Comme le disait son collègue de France Cul, ce Medhi-là, écartelé entre identité et désidentité, désir d'en être et dégoût du "fromage", et de pas mal d'autres choses, semble bien avoir "une psyché tourmentée".
Moins que Dr Jekyll & Mister Hyde, il semble être à la fois le ver de terre amoureux d'une étoile et Frankenstein s'opérant lui-même, Lorenzaccio & Richard III surpris au lit, Jean Genet et Pierre Guyotat en conversation dans un chantier de ville nouvelle, et l'héautontimorouménos de Baudelaire…

e constate soudain que toute ma lecture lacano-truc se casse la figure, en cela que "Marcellin" était en fait "Marcelin"…!

Il faudrait que je refasse tout mon topo? Non, quand même, car je peux la faire courte.

Ce qui frappe avec "Marcelin", c'est que, par rapport à "Marcellin", il n'en a qu'une.
Un seul L. Une seule aile. Comment peut-il alors voler, comme il le devrait?
Et Marcelin, c'est Marceline. Pas Deschamps, mais Desbordes-Valmore.
Say no more.


La version "officielle"? Pas si mal: "Marcel Duchamp" est convoqué - par rapport à quoi "Marcelin" le "pouilleux" minimise (diminutif), mais "Deschamps" maximise (passage au pluriel): complexe d'infériorité-supériorité? - c'est bravache en tout cas, et il va finir par me convaincre!

«Jusqu’en 2015, sous le pseudo "Marcelin Deschamps", j’incarnais un personnage honteux raciste antisémite misogyne homophobe sur Twitter. A travers Marcelin Deschamps, je questionnais la notion d’excès et de provocation. Mais aujourd’hui je tweete sous ma véritable identité. Les propos de ce personnage fictif (Marcelin Deschamps) ne représentent évidemment pas ma pensée et en sont tout l’inverse. Je m’excuse si ces tweets ont pu choquer certains d’entre vous : ils sont obsolètes»… «En 2011, j’avais 19 ans. J’ai rejoint Facebook et Twitter. Twitter était alors un Far West numérique. Un nouvel objet, presque confidentiel, où aucune règle n’était édictée, aucune modération exercée. J’ai trouvé un pseudo : Marcelin Deschamps. Les œuvres de Marcel Duchamp m’avaient inspiré une certaine idée de la beauté. Sûrement "Marcelin Deschamps" suivrait ce chemin. Mais rapidement, il est devenu un personnage de fiction maléfique. Il n’était pas "dans la vie réelle", il était sur Twitter. Il se permettait tous les excès, les insultes les plus sauvages. Par là, il testait la notion de provocation. Jusqu’où pouvait-il aller ? Quelles seraient ses limites ? Aucune.»
«Aujourd’hui, j’ai conscience que les provocations de Marcelin Deschamps, ce personnage pouilleux, étaient finalement leurs propres limites. Elles sont désormais mortes et n’auraient jamais dû exister.»
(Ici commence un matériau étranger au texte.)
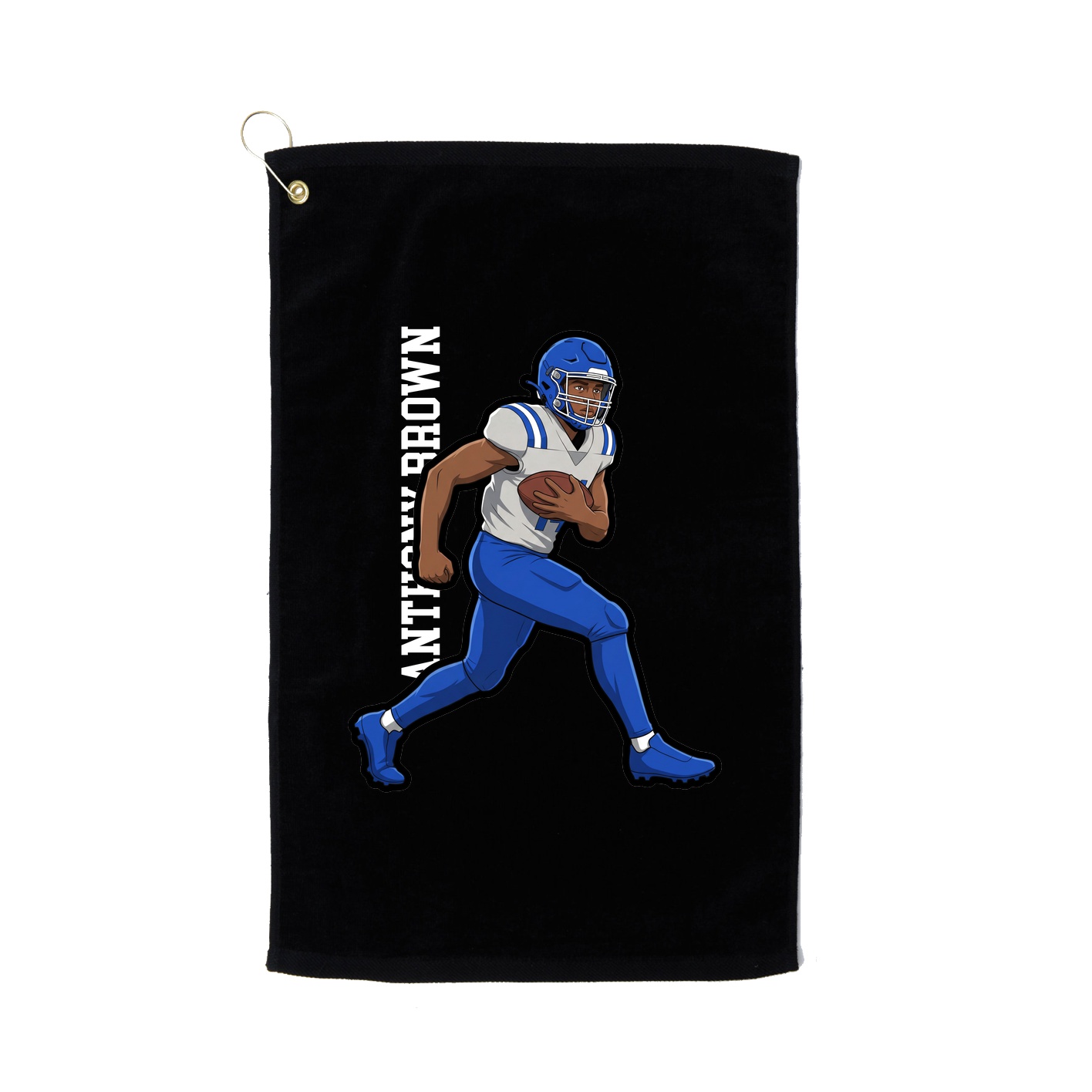 Golf Towel — Name Vertical in Black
Un commentateur de Libé (pas moi, je corrige juste l'orthographe affreuse) cependant rappelle:

"Quel hypocrite et menteur! Ce type aurait, selon lui, pris le pseudo "Marcellin" pour pasticher un beauf raciste, il se trouve que pas un de ses tweets sur des milliers ne s'en prend aux cibles habituelles des racistes: musulmans, noirs, arabes… Au contraire ses tweets s'attaquent aux laïcs, républicains, pro-charlie, à Charb, Fourest, Badinter… Ils sont homophobes, misogynes, communautaristes, font l'apologie du terrorisme. Pour beaucoup moins de petits apprentis haineux ont été lourdement condamnés."

«S’ils étaient trapézistes, Mehdi M. serait le voltigeur, le bravache qui s’élance dans les airs, qui part en vrille. Badrou A. serait le soutier, celui qui tient, qui rattrape, le mûr porteur», peut-on lire dans le portrait que leur consacrait Libération en 2014.

On va appeler le bravache Mehdi qui part en vrille, "Marcelin", et le solide mur porteur Badrou, "Pierre", ok?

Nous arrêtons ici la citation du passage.